I'd also like to point out that in the upcomming release Knockout ads several
nifty improvements:
[http://blog.stevensanderson.com/2011/08/31/knockout-1-3-0-be...](http://blog.stevensanderson.com/2011/08/31/knockout-1-3-0-beta-
available/)

My favorite are control flow bindings that let you write templating code right
inside your HTML and not withing script tags. When you have to write markup
inside a script tag you editor might get the whole autocompletion, formatting
and syntax coloring wrong. And in past it was relly annoying for me. So having
templates in HTML, not in script is really great.

One thing that helps a lot is that all bindings are defined inside data-
attributes which keeps markup valid. Most editors support them well, too.
Ember's double-braced template attributes are really weak choice in this
regard.

And if you're worried about javascript bits inside data-bind attributes you
now have an option to separate them via binding providers (see blog post
above). The syntax is somewhat clunky but still workable and I suppose it can
be improved.

Provided that Knockout has a vibrant community and growing support inside .NET
world I think Ember has nothing to offer to make me switch.

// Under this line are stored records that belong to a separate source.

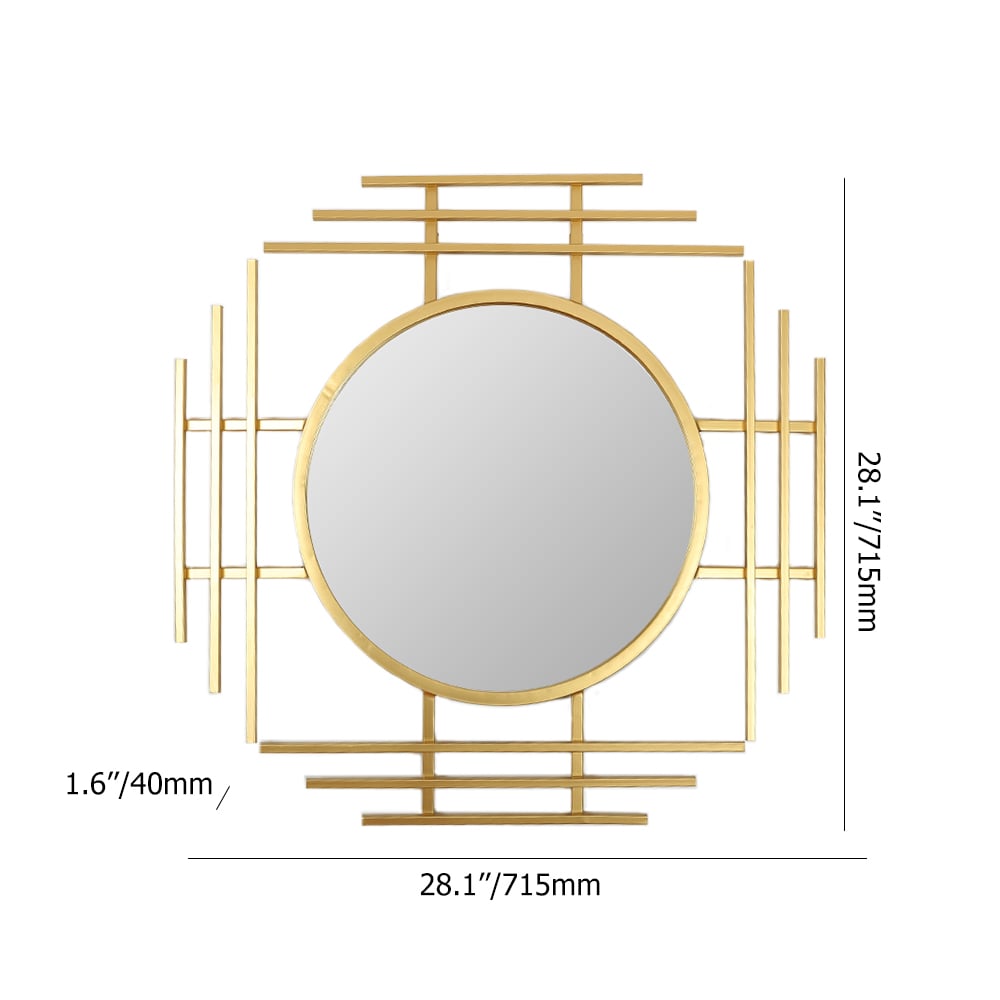 HMR - 28" Luxury 3D Geometric Gold Metal Wall Mirror Overlapping Home Decor for Entryway
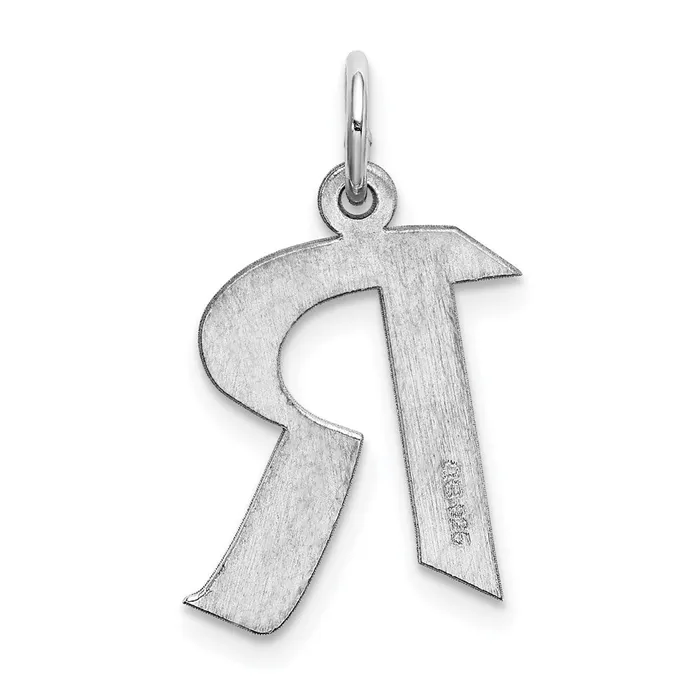 Rings TreasureFineJewelers Sterling Silver Rhodiumplated Artisan Block Letter R Initial Charm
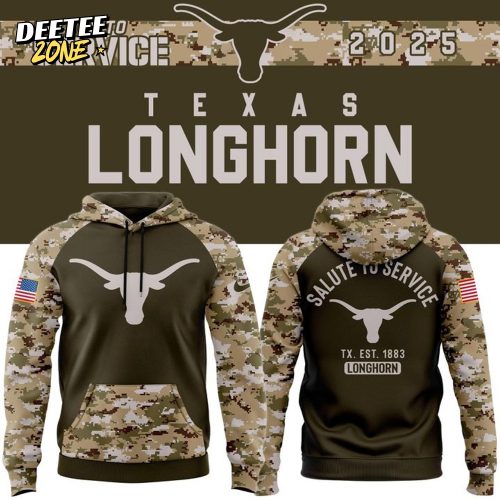 Texas Longhorns Salute To Service 2025 Special Camo Hoodie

And that's unfortunate. Today I see like most frameworks converges to some
common ground. Knockout gets more features from Backbone. Backbone gets more
features from Knockout (there's at least one bindings plugin for BB although
it pales in comparison to Ko). And as far as I can see we as a JavaScript
community reached the next base.

\- We started with simple Ajax libraries. \- Then we moved to widgets. \- Now
we got MVP frameworks and think more about organizing our applications in
general.

What's the next step? That's the most important question for me and for other
JS professionals that I talked to at recent local conference. When I saw
Yahuda's announcement I really hoped that he'd give us a clue. Instead we got
another MVP variant and not a top one although a pretty solid.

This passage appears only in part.